The SOM (Self-Organizing Maps) method clusters markers into a user-specified number of bins. In geWorkbench, a SOM visualizer component displays the results graphically.

SOM Example

  • Note - for the distance calculations used in SOM analysis to be valid, the data must have been normalized such that the scale of variation over each array is equal. (More details to be added here).
  • Load the microarray dataset "webmatrix_quantile_log2_dev1_mv0.exp", available in the tutorial_data.zip Download.
  • In the Arrays/Phenotypes component pulldown menu, select the group labeled "Class".
  • Activate two sets of arrays to compare, e.g. GC B-cell and non-GC B-cell, by checking the boxes before the names (these are chosen here because they are the smallest groups).
  • Go to the Analysis component, and select SOM Analysis.

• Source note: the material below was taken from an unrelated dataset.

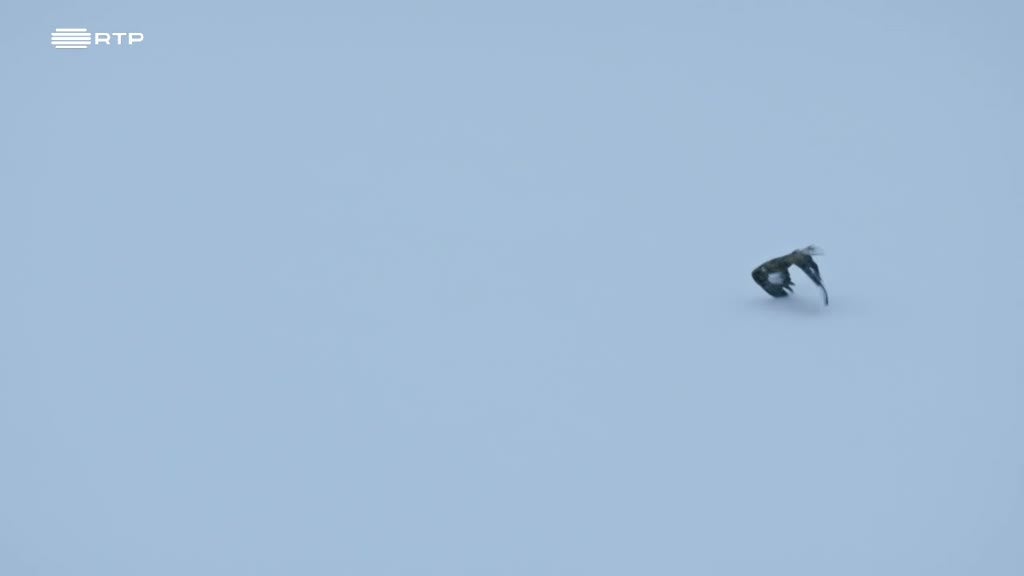 Imagem de A Águia-Real - O Apelo da Natureza - A Aventura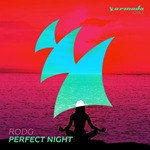 cover: Rodg - Perfect Night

Parameters: Rows, Columns - give the number of bins into which to separate the different marker expression patterns. Radius - Iterations - Alpha - Function - Bubble or Gaussian

The default parameters are shown below. We will accept these parameters.

T SOM Analysis Parameters.png


The resulting display of nine clusters is shown below. The user should experiment with different parameters to attempt to discern informative groupings.


T SOM display.png


Any individual graph can be right-clicked on and "Add to Set" chosen. This will add these markers to a new Set in the Markers component. Each will be given a name starting with "Cluster Grid" and the number of markers will be shown.


Saving the list of genes

For use in future examples, you can save a list of genes from the Markers panel:

  • Highlight its entry in the Markers component (Cluster Tree[84]).
  • Right-click and select "Save".
  • Enter a name. We have saved the list from the above hierarchical clustering example as "cluster_tree_total_pearsons_84_markers.csv". (The .csv is added automatically). This list is available under this name in the tutorial data download.